THE WINDOW cleaners were out yesterday putting the final sheen on the facade of the new Grand Canal Theatre in Dublin which opens tonight.
President Mary McAleese will be the guest of honour for the opening night which features the world’s best-known ballet, Swan Lake, with performers from the world’s best-known ballet company, the Bolshoi. All seven shows are sold out.
Ireland’s new cultural ambassador Gabriel Byrne, broadcaster Gay Byrne, songwriters Paul Brady, Christy Moore, Chris de Burgh, film director John Boorman, actor Brendan Gleeson and writer and director Rebecca Miller, wife of Daniel Day-Lewis and daughter of playwright Arthur Miller, are all expected to attend.

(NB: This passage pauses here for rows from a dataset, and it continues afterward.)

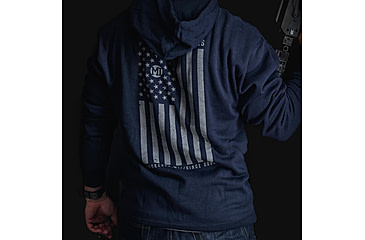 Image of Midwest Industries Flag Hoodie, Navy, Small, MI-HOODIE-FLAG-SMALL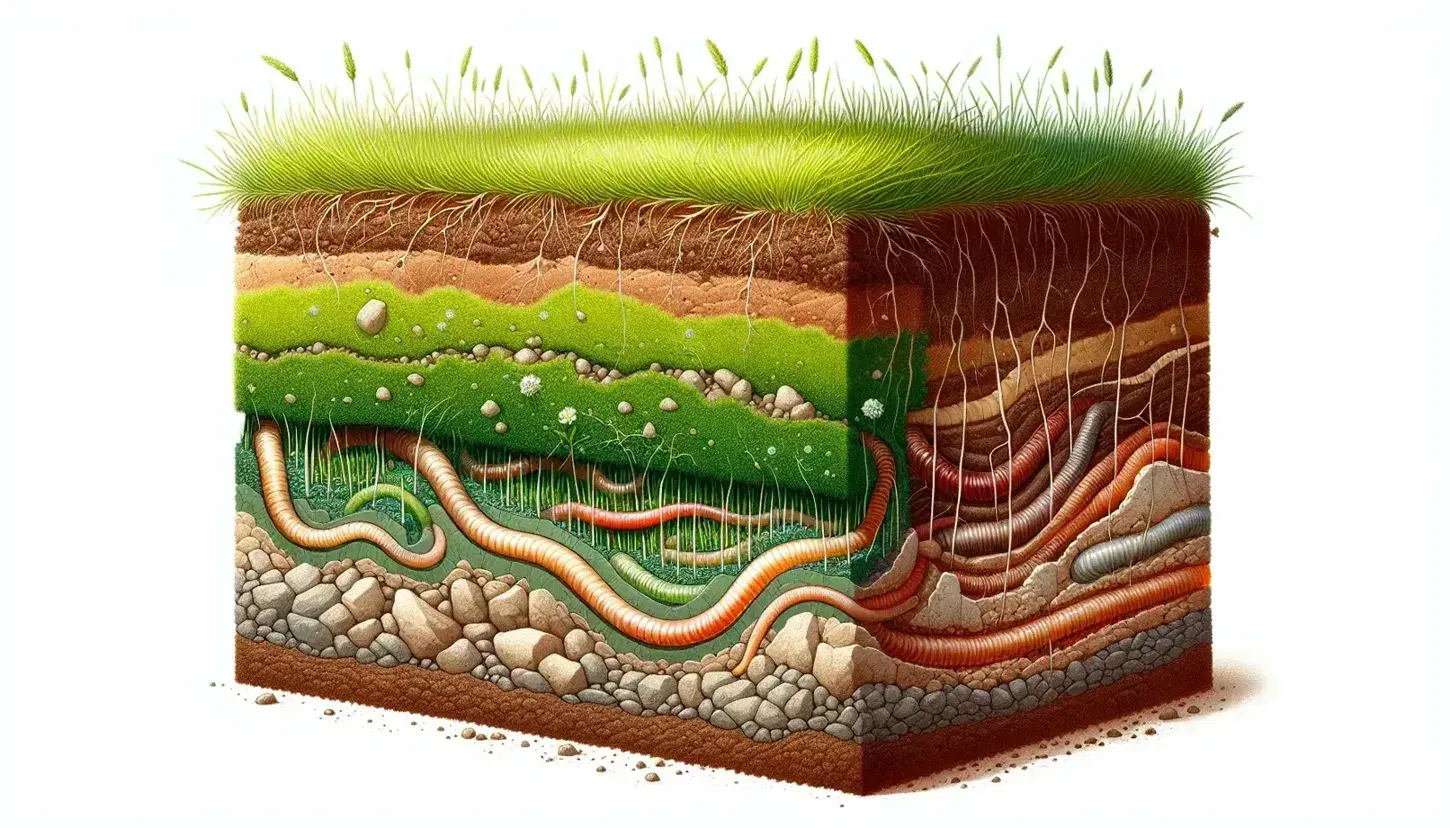 Sección transversal de suelo mostrando capa de césped verde, raíces blancas, suelo marrón con túneles de lombrices y piedras, bajo un cielo azul.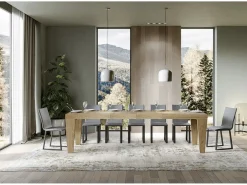 Mesa de comedor extensible de madera Kristo patas en V-Color Marrón-Base y soporte con ruedas-Alargaderas -Ancho extensible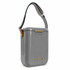 A stylish grey cooler with a shoulder strap, featuring a logo on the front and a sleek, modern design.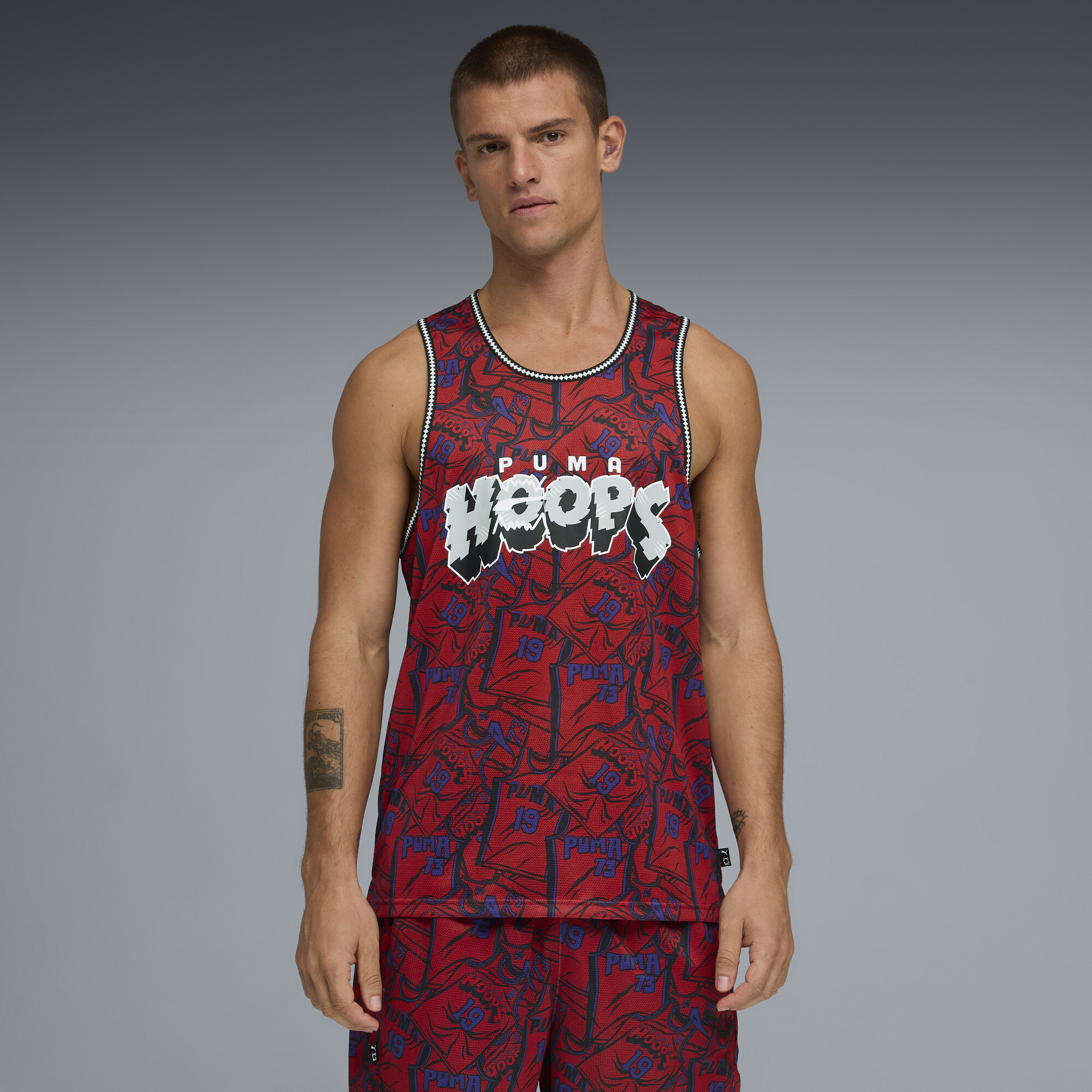 PUMA Flagrant Foul basketbaltank voor Heren, Grijs, Maat S thumbnail 4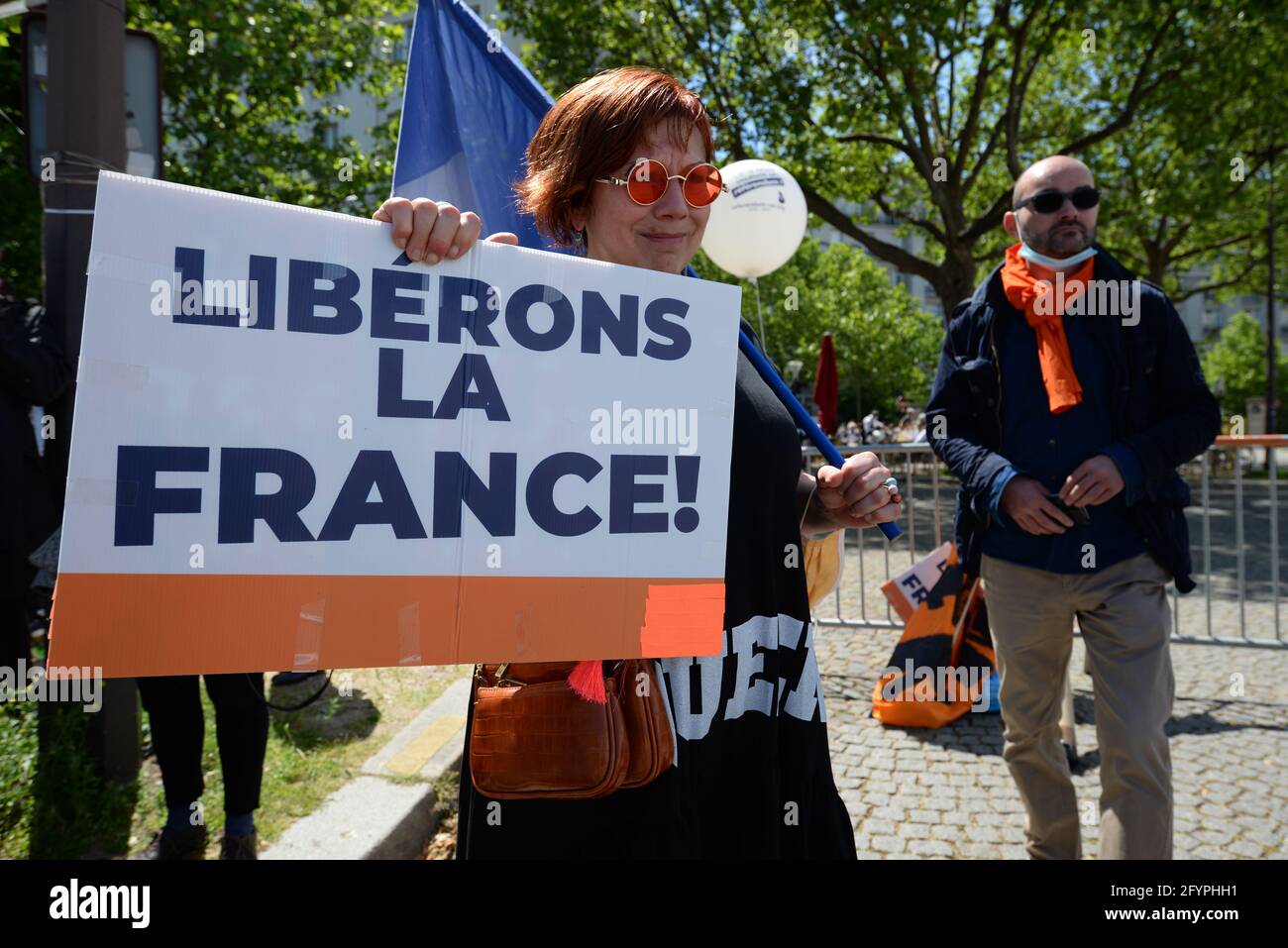 In Paris, the Democracy Festival gathered several hundred people who came to listen to 'pro-frexit' speeches to get out of the E.U. Stock Photo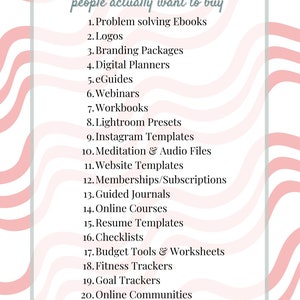May include: A list of 21 digital product ideas, including ebooks, logos, branding packages, digital planners, and more. The text is in black font on a white background, framed by a light gray border with a pink and white wavy pattern.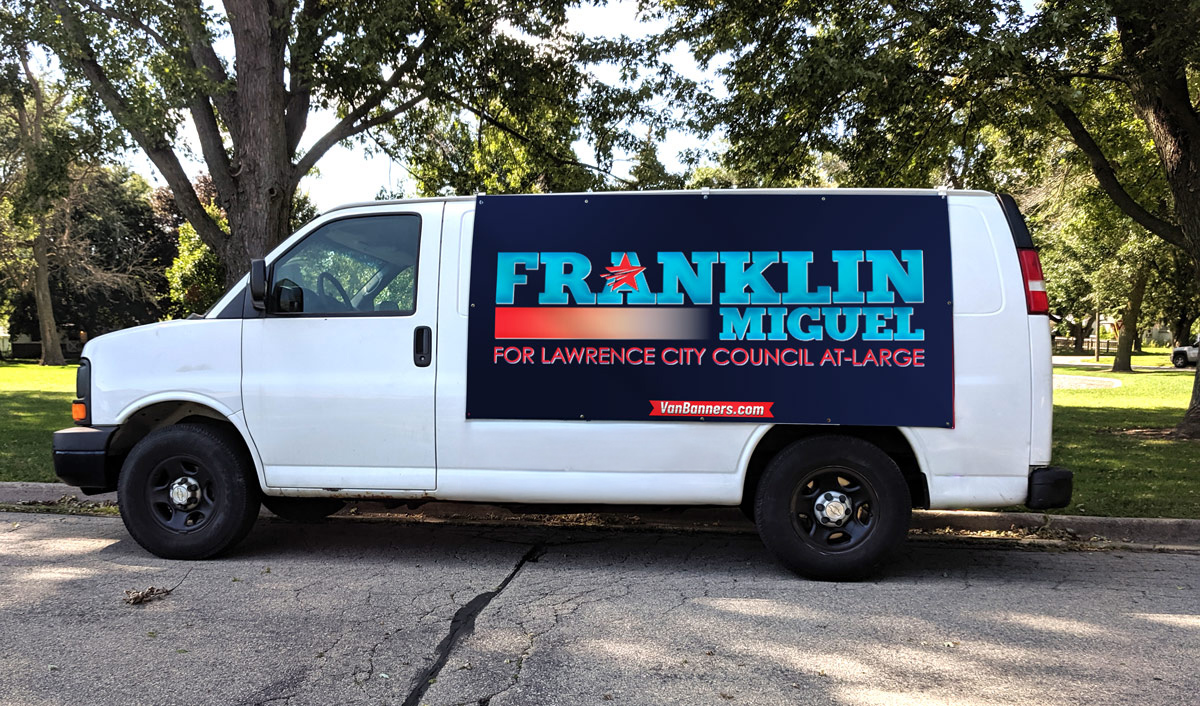 Franklin Miguel for Lawrence City Council van banner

There will be no opening speeches. “We will let the place speak for itself,” said general manager Stephen Faloon of the €80 million Daniel Libeskind-designed theatre which has 2,111 seats.
It is the second to open of the three buildings (the others being the O2 and the Convention Centre) which it is hoped will transform the docklands area.
Staff were busy stocking the theatre’s seven bars yesterday, shifting sofas around (the whole place smells of new carpets and furniture) and scrubbing down the outside for the arrival of the special guests.
Inside, the performers of the Russian State Ballet were going through the last stages of preparing for Swan Lake.
The ballet will have between 15 and 20 changes of scene all operated through the 66 different flybars which makes it possible to stage elaborate productions never staged here before.
“I’ll probably be shot for saying this, but I think we are nearly there, but in live theatre anything can happen,” Mr Faloon admitted. “We have no previews, we’re going straight into it.”
To date 120,000 tickets have been sold for a variety of shows. “There’s a hunger for this type of theatre,” Mr Faloon added. “This is a good news story in a recession.”